Jo Ackermann, aussi mufle soit-il dans la formulation de son communiqué, a raison: on ne se tue pas à cause de son patron. On se tue parce qu’on s’identifie trop à ce qui finit par nous perdre, parce qu’on a mis tous ses œufs dans le même panier. Si elle ne m’aime plus, la vie s’arrête, et pan. Si mes résultats sont moins bons que prévus, la vie s’arrête. Et pan.
Le 23 juillet, c’était Carsten Schloter, 49 ans, patron de Swisscom, que l’on retrouvait mort chez lui. Très vite ont bruissé les rumeurs: il voulait quitter l’entreprise, le conseil d’administration lui mettait la pression, il était en burn-out. Mais personne n’a démissionné parce que, heureusement pour Swisscom, on a retrouvé une lettre chez lui qui évoquait l’épouse quittée pour la maîtresse, les enfants qu’il ne voyait plus, la culpabilité. Ouf, une histoire de femmes, l’honneur de l’entreprise était (apparemment) sauf.
Carsten, Pierre – deux hommes.
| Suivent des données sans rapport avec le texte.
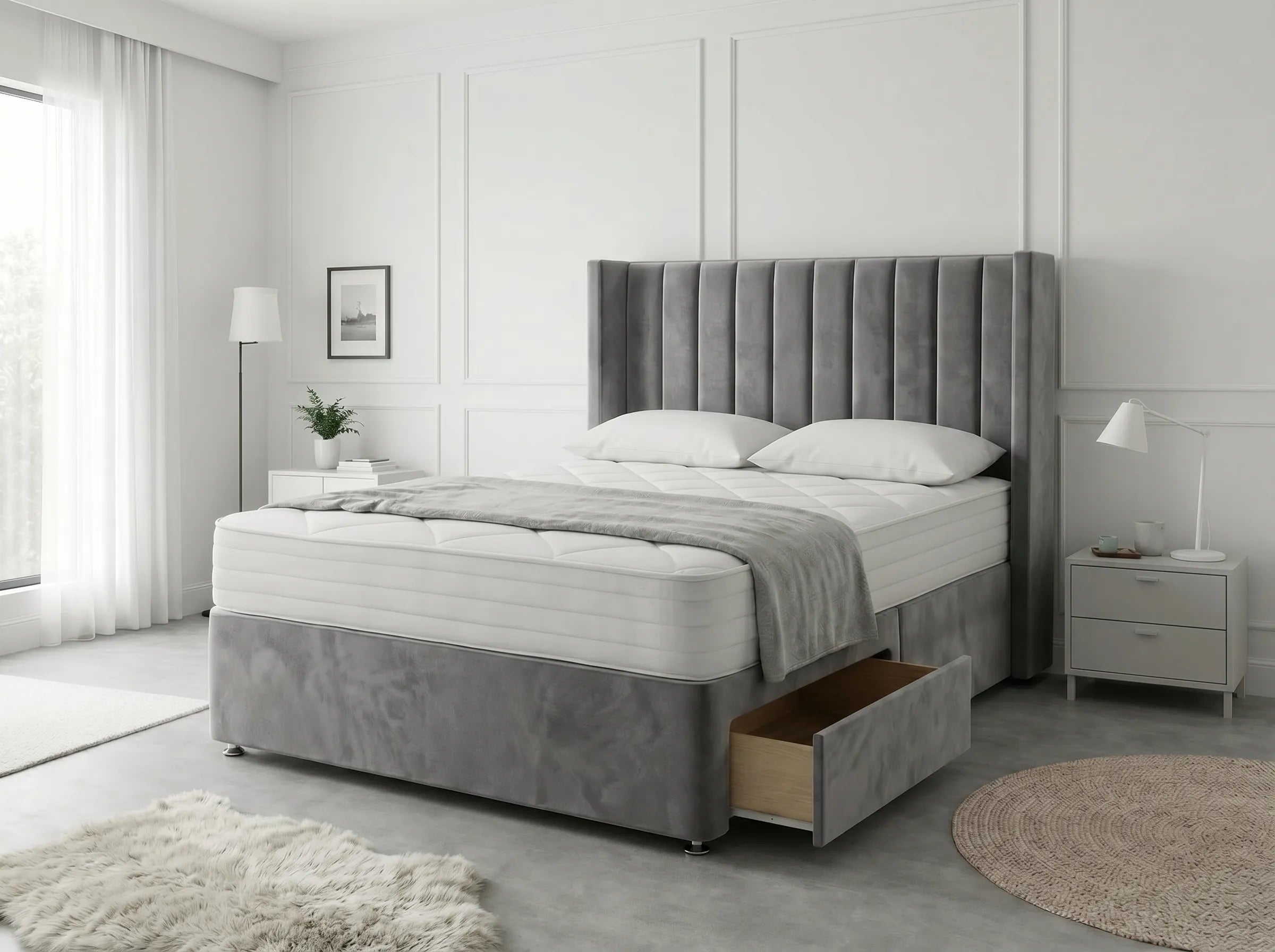 Classic Curve | Divan Drawer Base Featuring Smooth Glide Drawers (UK) | Discount Bed Store (DBS) #DB136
A cause de la crise, depuis 2008, des centaines de patrons d’entreprise se sont donné la mort en Italie, en France. Des patrons, pas des patronnes. Pourquoi les hommes se tuent? Mes chéris, il y a plus important que le travail. Les femmes le savent. Et pourtant, It’s a Man’s Man’s World. Allez comprendre.